What to work on: The line that contains "Настільний годинник Grunhelm" and all lines following it to the end of the data below: set these down exactly, and nothing besides.

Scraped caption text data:
--------------------

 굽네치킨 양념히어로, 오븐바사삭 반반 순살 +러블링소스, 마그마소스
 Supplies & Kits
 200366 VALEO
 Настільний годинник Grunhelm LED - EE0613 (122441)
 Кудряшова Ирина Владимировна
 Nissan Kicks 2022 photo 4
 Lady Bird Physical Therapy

--------------------

Output of the task:
 Настільний годинник Grunhelm LED - EE0613 (122441)
 Кудряшова Ирина Владимировна
 Nissan Kicks 2022 photo 4
 Lady Bird Physical Therapy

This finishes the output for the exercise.